Main indicators of the maritime transport sector, 1997-01




1997

1998

1999

2000

2001

Number of ports

107

107

108

108

108

Maritime

96

96

97

97

97

Fluvial

11

11

11

11

11

Quay length (km.)

176.8

179.2

184.4

184.9

184.9

Storage capacity (million m2 )

3.5

3.7

5.3

5.5

5.5

Freight handling (million tonnes)

220

237

231

244

247

High-seas

159

169

164

177

179

Cabotage

61

68

67

67

68

External trade (million tonnes)

159

169

164

177

179

Importation

33

43

45

52

52

Exportation

126

126

119

125

127

Source: Poder Ejecutivo Federal (2001), Primer Informe de Gobierno, [online]. Available at: http://www.presidencia.gob.mx/.

            1. Mexico maintains 97 regular maritime routes serving 339 destinations in 94 countries. In 2001, 97 foreign shipping companies were serving Mexican ports. Between 1995 and 2000, the number of ships under Mexican flag increased sharply, from 9 to 171. In 2000, some 66% of the freight handled through cabotage (which remains reserved to Mexican shipping companies) was undertaken by ships under the Mexican flag.
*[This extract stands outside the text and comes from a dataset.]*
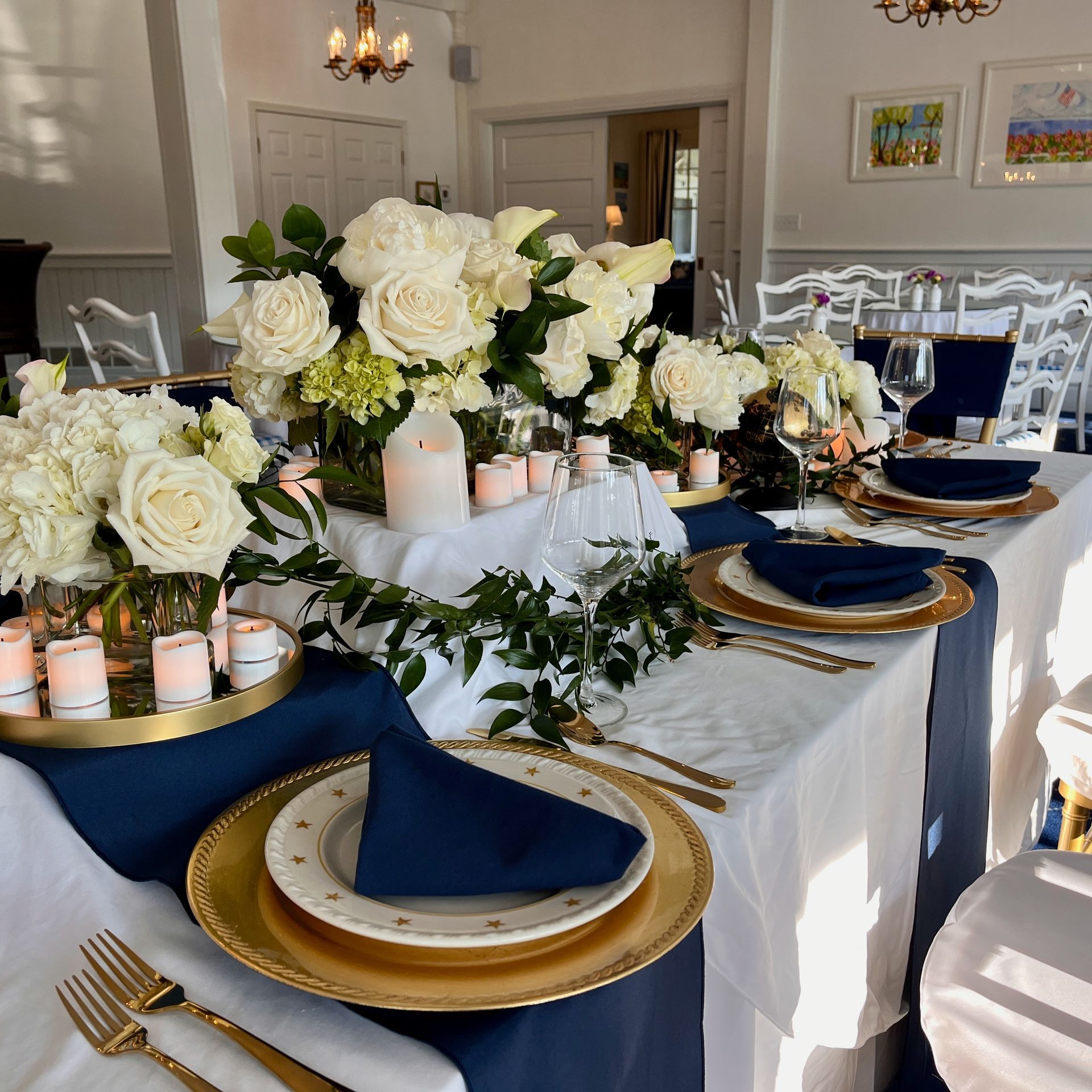 Elegant banquet table set with white flowers, gold chargers, navy napkins, and candle centerpieces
            2. The reforms initiated in the mid 1990s to foster competition between ports, increase private investment, eliminate cross-subsidies and deregulate service tariffs have apparently brought significant results. As at December 2000, 64 ports had been grouped in 18 Federal-Government-owned Integral Port Administration entities (APIs), property of the Federal Government, five State- Governments-owned APIs, and one API in private hands. From 1996 to 2000, some 50 public bids were conducted for granting contracts to provide and develop port services, which resulted in an effective transfer of port services to the private sector and increased infrastructure investment.
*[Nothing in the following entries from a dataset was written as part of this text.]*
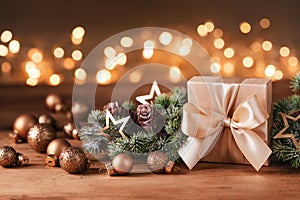 Gift or present boxes, snowy fir tree and golden holiday decoration on wooden table against magic bokeh lights. Christmas greeting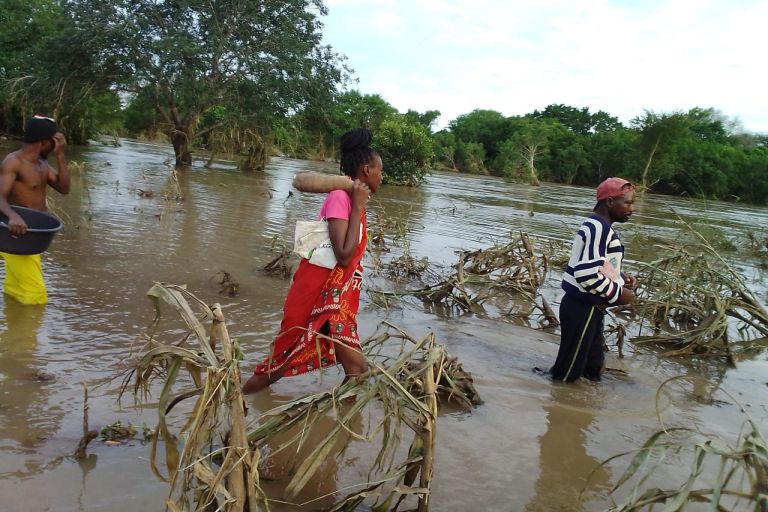 Menschen in Mosambik laufen knietief durch das Wasser eines überflutetetn Maisfeldes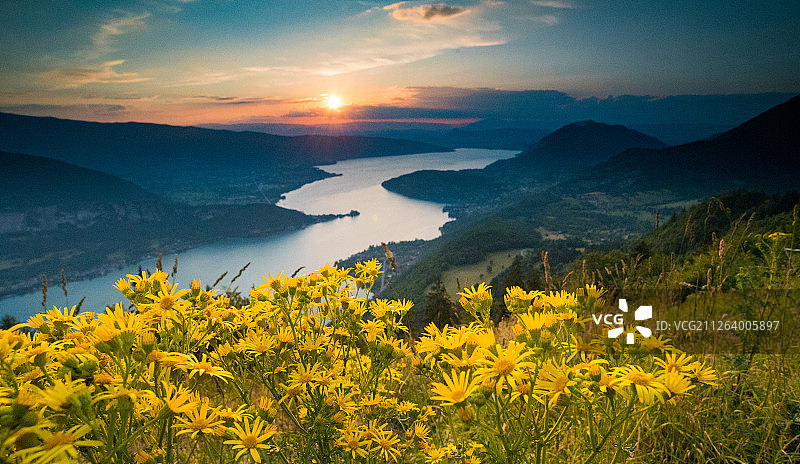 落日夕阳的湖光山色下，向前蜿蜒的河流和一簇野花图片素材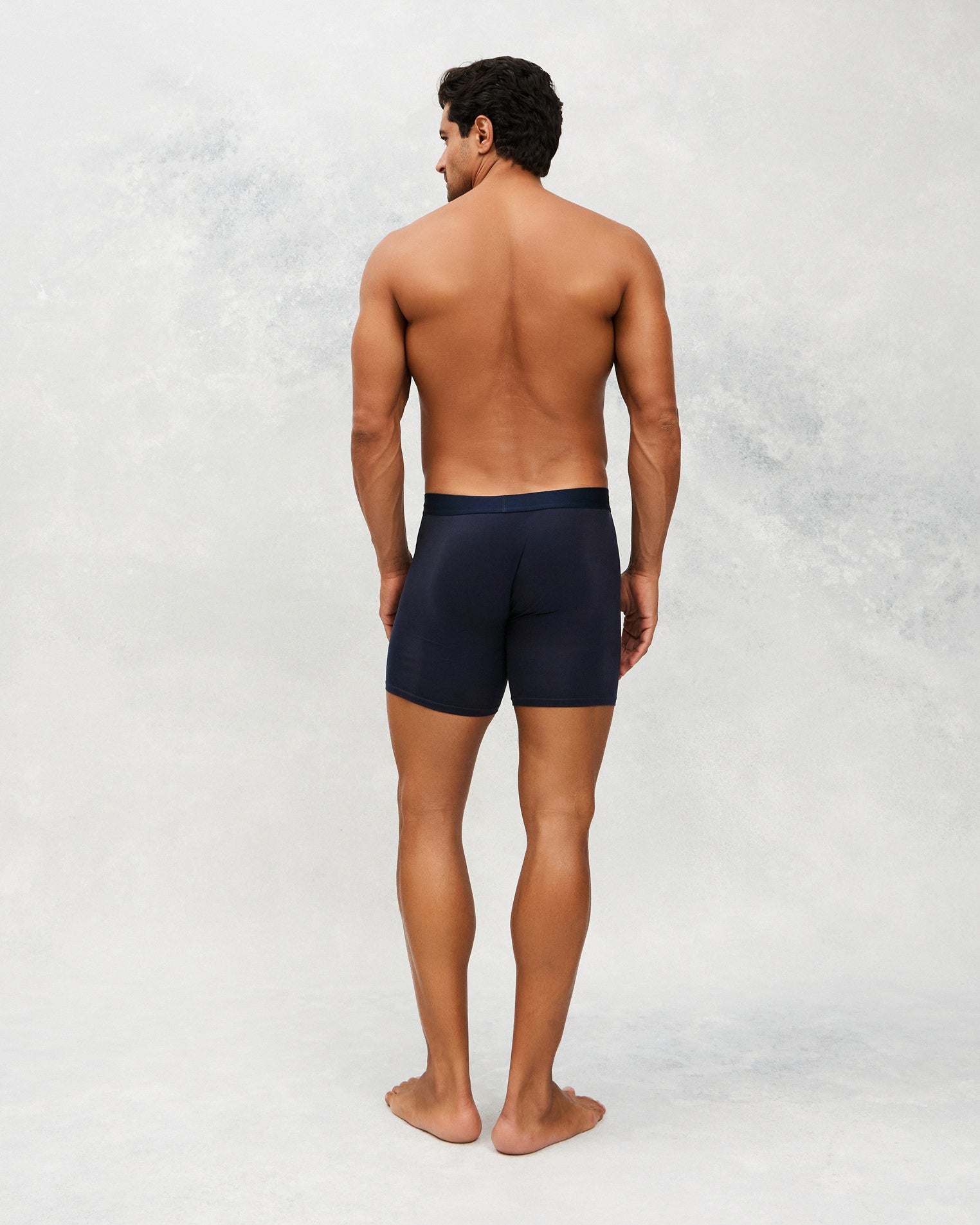 Back photo for a Model wearing CottoSilk Ultra Light Cotton Boxer Brief in navy.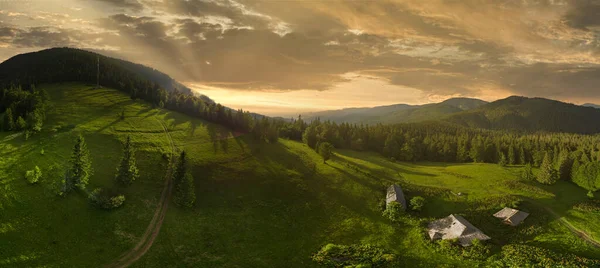 Wide-angle panoramic shot of beautiful meadows, hills and trees in Synevyrska glade next to Synevyr lake. Majestic and wonderful landscapes of the Carpathian mountains in Ukraine — Stock Photo, Image
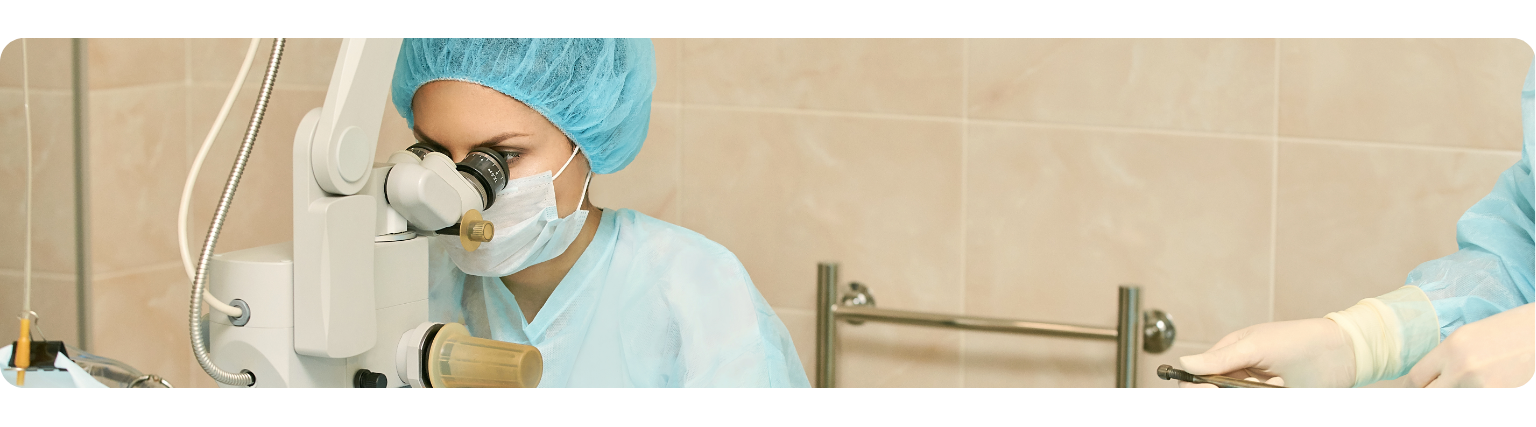 Medical professional using microscope during eye surgery
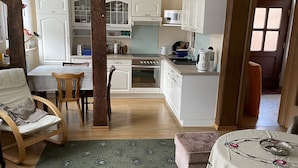 Un amplio espacio de estar con una mesa de comedor, un sofá y una cocina al fondo.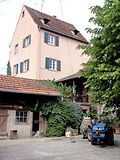 Ancien château (XVe, XVIe-XIXe), actuellement ferme, 6 place de l'Église.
            3. According to Mexican authorities, at the end of 2000 virtually all commercial freight handling was managed by private operators; cumulated investment in infrastructure between 1996 and 2000 amounted to some Mex$14 billion (in constant prices of 2000), 82% of which corresponded to private and 18% to public investment. Coupled with productivity gains this investment resulted in an increase of handling capacity for non-petroleum products from 59 million tonnes in 1994 to some 120 million tonnes in 2000.45 Significant improvements were also registered in terms of time at ports, and reductions in handling rates; between 1995 and 2000, these decreased in real terms by some 22% for non-packed freight; 6% for containers; 25% for bulk mineral products; and 36% for bulk agricultural products.
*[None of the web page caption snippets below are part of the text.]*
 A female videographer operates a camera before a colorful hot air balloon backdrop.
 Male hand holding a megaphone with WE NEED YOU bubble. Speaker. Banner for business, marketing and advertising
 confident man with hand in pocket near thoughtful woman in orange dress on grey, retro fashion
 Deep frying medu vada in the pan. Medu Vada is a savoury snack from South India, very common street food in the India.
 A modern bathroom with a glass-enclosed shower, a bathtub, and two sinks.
            4. Mexico's main legal provisions governing maritime transport are contained in several articles of the Constitution (e.g. Articles 27 and 28), the Port Law of 19 June 1993, its Regulations of 21 November 1994, the Shipping Law of 4 January 1994 (amended on 26 May 2000), and its Regulations of 10 November 1998. The Department of Communications and Transport, through its specialized Directorates, is the main agency responsible for policy formulation and implementation in the maritime transport sector.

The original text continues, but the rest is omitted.